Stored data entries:
⁂

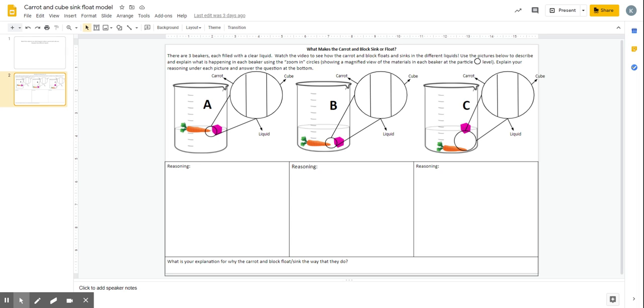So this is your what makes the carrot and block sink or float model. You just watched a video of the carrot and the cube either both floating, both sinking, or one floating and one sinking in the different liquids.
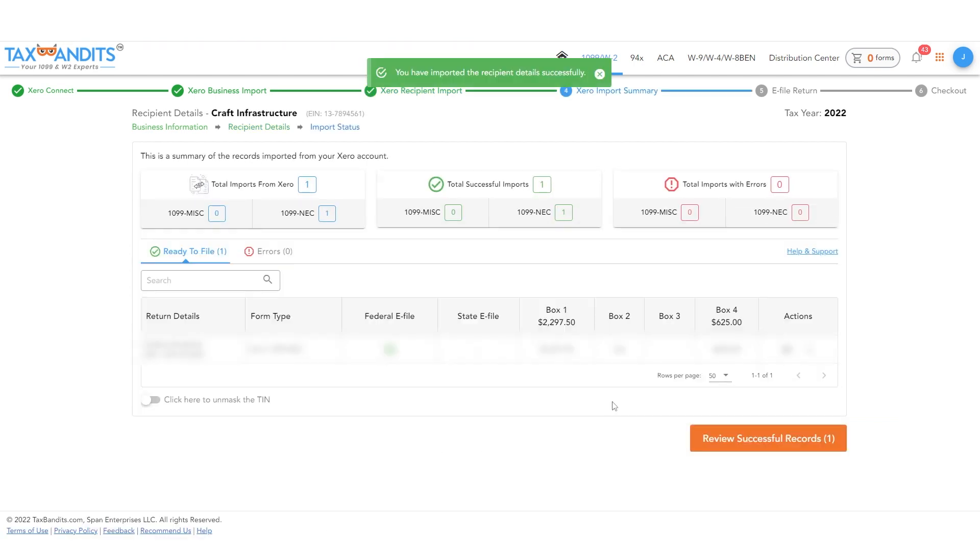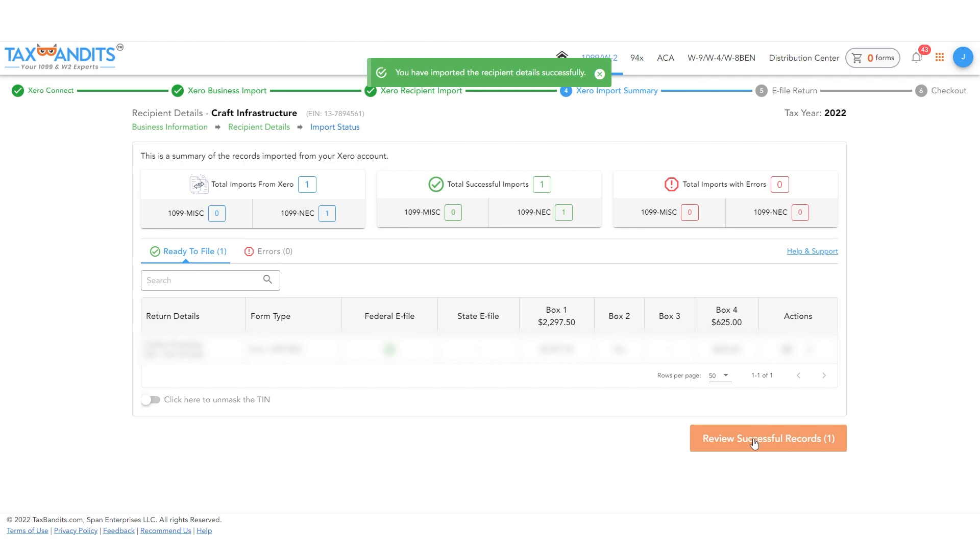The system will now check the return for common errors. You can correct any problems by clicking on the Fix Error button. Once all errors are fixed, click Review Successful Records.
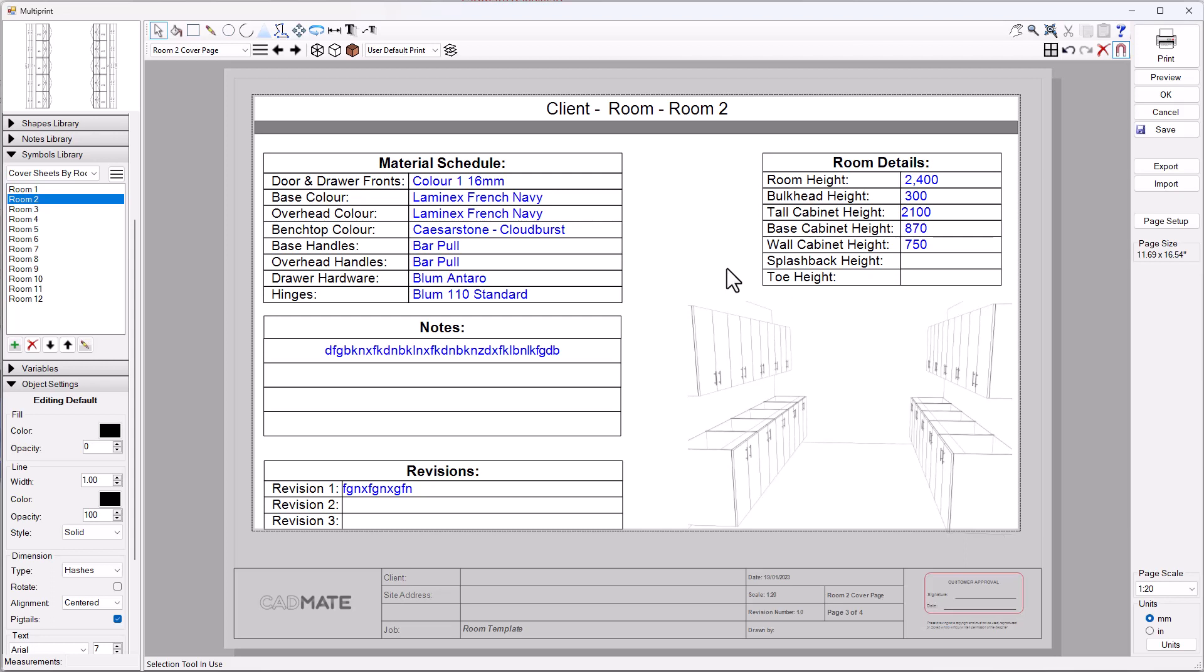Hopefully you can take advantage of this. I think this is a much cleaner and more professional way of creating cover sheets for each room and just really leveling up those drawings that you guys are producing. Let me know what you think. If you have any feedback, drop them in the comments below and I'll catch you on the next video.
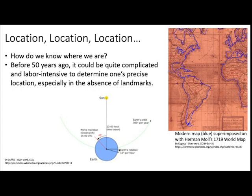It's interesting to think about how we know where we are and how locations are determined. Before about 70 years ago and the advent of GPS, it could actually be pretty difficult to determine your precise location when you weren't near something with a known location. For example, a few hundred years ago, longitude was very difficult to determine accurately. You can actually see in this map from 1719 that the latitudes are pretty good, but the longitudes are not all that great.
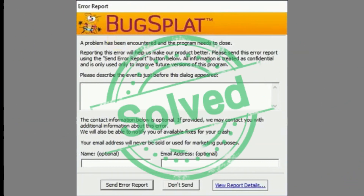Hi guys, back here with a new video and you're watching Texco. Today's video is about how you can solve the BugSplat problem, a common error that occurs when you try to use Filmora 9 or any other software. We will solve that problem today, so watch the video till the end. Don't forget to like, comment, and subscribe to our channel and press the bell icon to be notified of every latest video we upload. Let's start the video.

⁂

▶ REQUIRED ACTION: Could the lines from the first entry through the line that contains "The system will" be copied exactly, with all pictures left out?

▶ RESULT OF THE TASK:
So this is your what makes the carrot and block sink or float model. You just watched a video of the carrot and the cube either both floating, both sinking, or one floating and one sinking in the different liquids.
The system will now check the return for common errors. You can correct any problems by clicking on the Fix Error button. Once all errors are fixed, click Review Successful Records.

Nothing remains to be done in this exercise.